**WHAT YOU HAVE TO DO**: Using the entries below, restate word for word only the lines from the one with "Rajoy reafirma a" to the final line, leaving the pictures out.
###
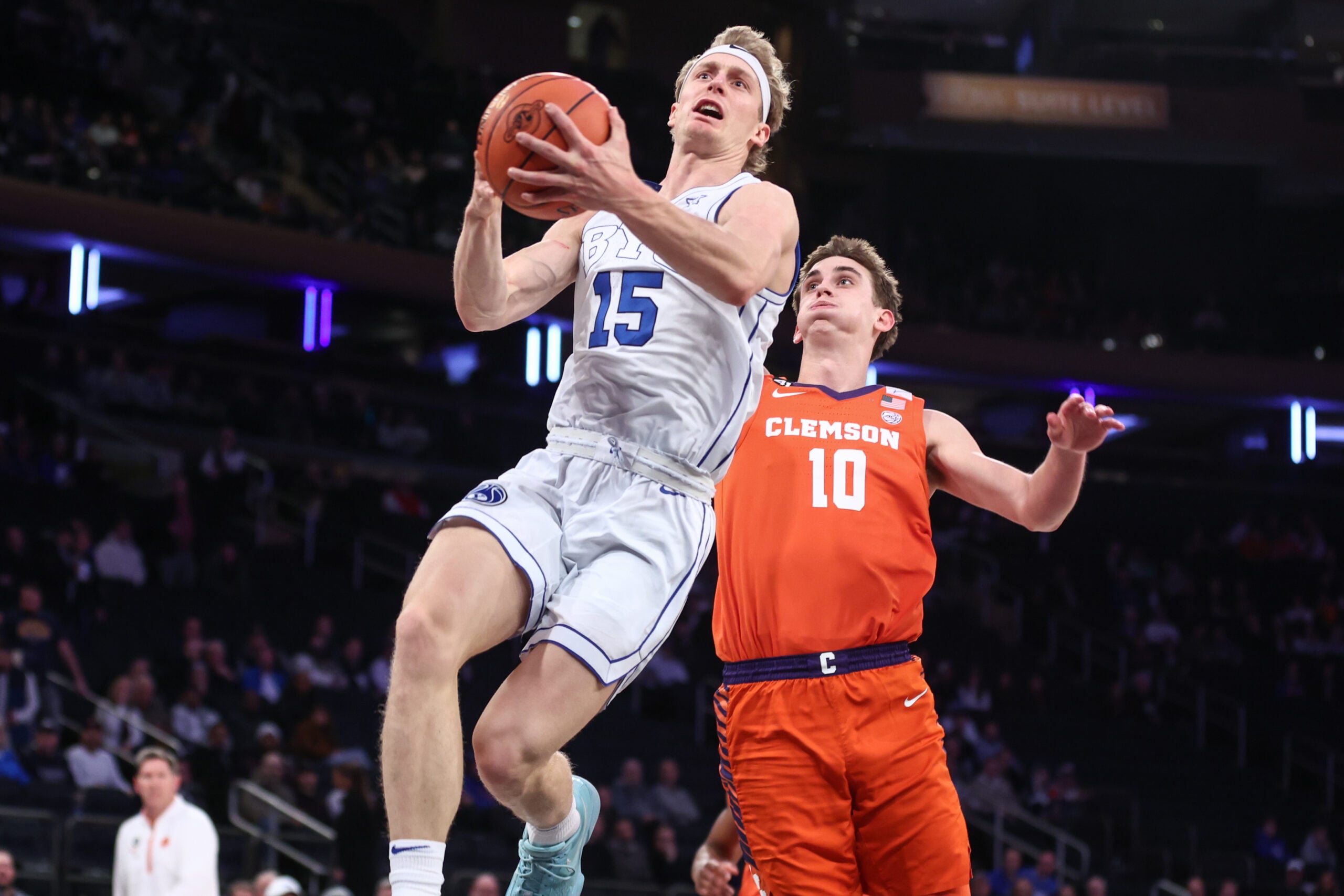 Dec 9, 2025; New York, New York, USA;  BYU Cougars guard Richie Saunders (15) drives past Clemson Tigers forward Jake Wahlin (10) in the first half at Madison Square Garden. Mandatory Credit: Wendell Cruz-Imagn Images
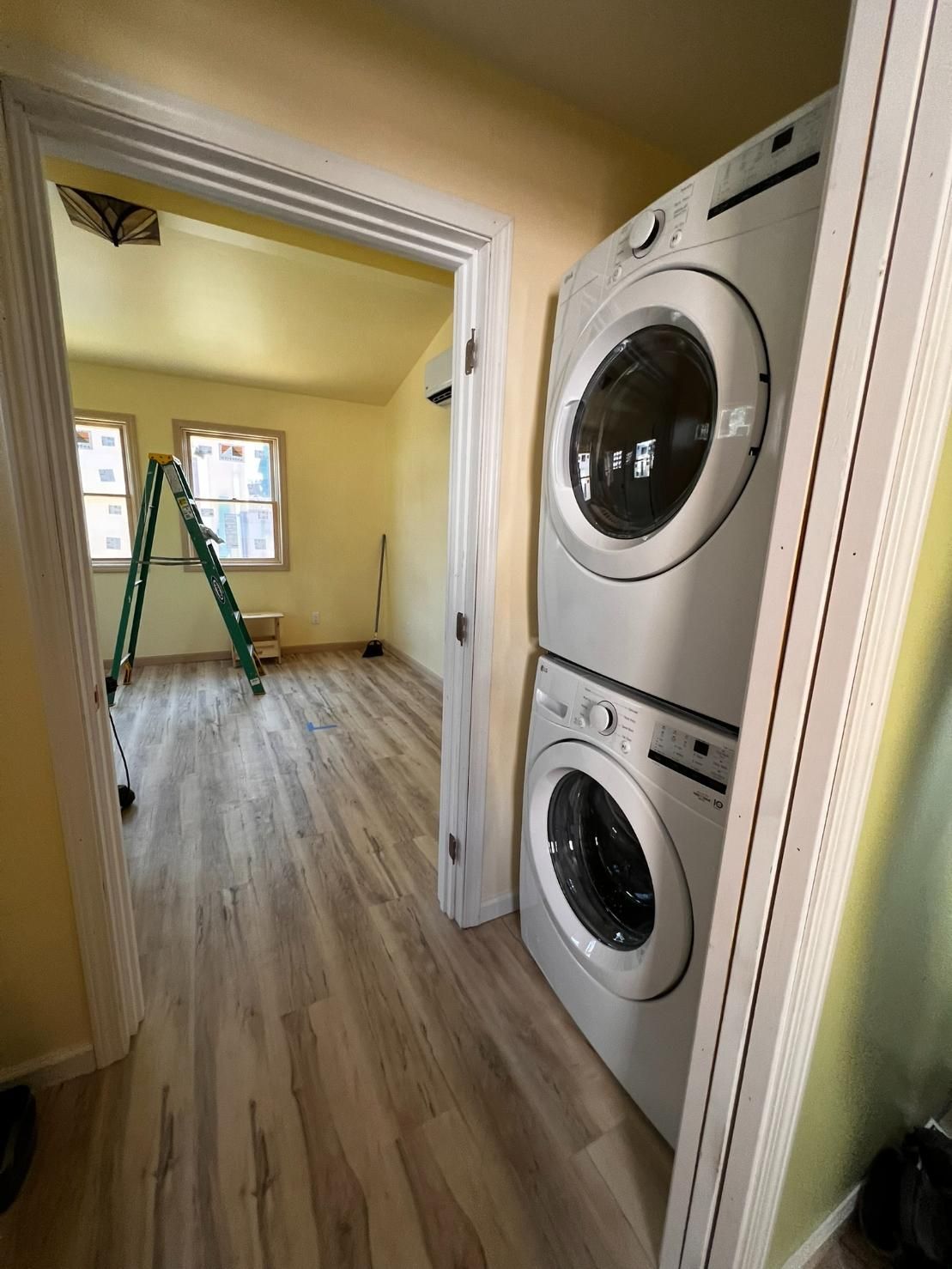 Laundry room with stacked washer and dryer, wood floors, and a ladder in the adjoining room.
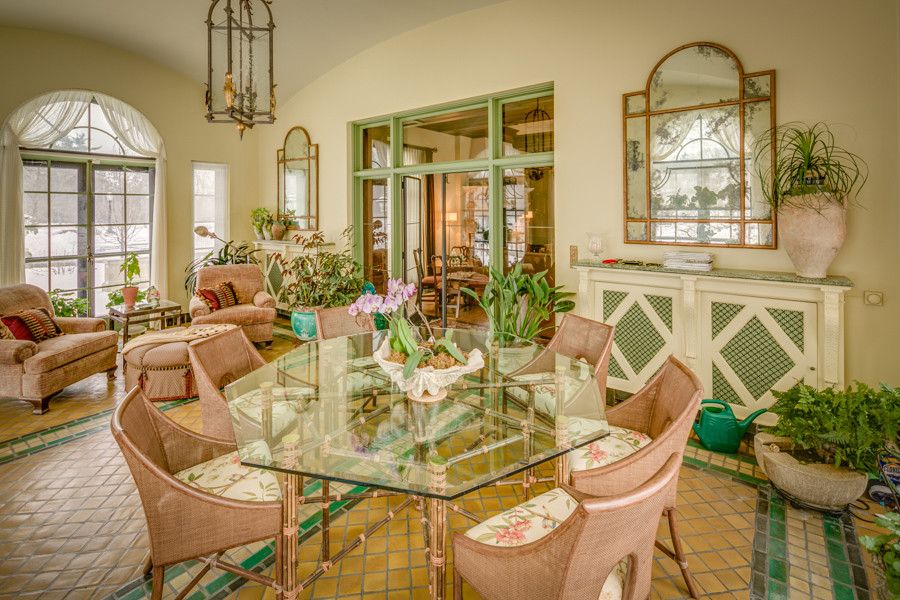 Exquisite Mediterranean sunroom with a dash of rose and green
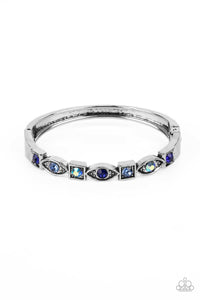 A collection of square and marquise-shaped frames arc across the wrist in a stunning geometric display. Sapphire, light sapphire, and blue iridescent rhinestones are pressed into the centers of the thick silver frames, adding irresistible sparkle to the bangle-inspired design. Features a hinged closure. Due to its prismatic palette, color may vary.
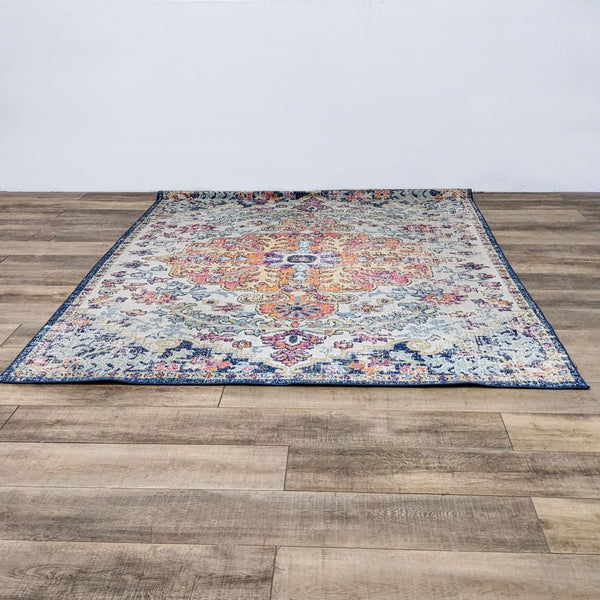a large oriental rug with a blue and yellow floral pattern.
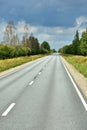 Straightway road on sunny summer day in Latvia Royalty Free Stock Photo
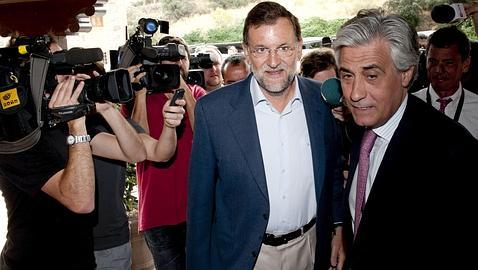 Rajoy reafirma a Camps como candidato del PP en Valencia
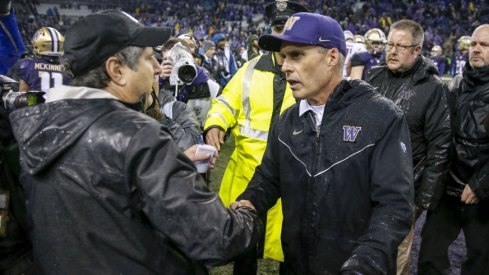 Nov 25, 2017; Seattle, WA, USA; Washington State Cougars head coach Mike Leach (left) shakes hands with Washington Huskies head coach Chris Petersen after their game at Husky Stadium. Mandatory Credit: Jennifer Buchanan-USA TODAY Sports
###
**THE COMPLETED TASK**:
 Rajoy reafirma a Camps como candidato del PP en Valencia
 Nov 25, 2017; Seattle, WA, USA; Washington State Cougars head coach Mike Leach (left) shakes hands with Washington Huskies head coach Chris Petersen after their game at Husky Stadium. Mandatory Credit: Jennifer Buchanan-USA TODAY Sports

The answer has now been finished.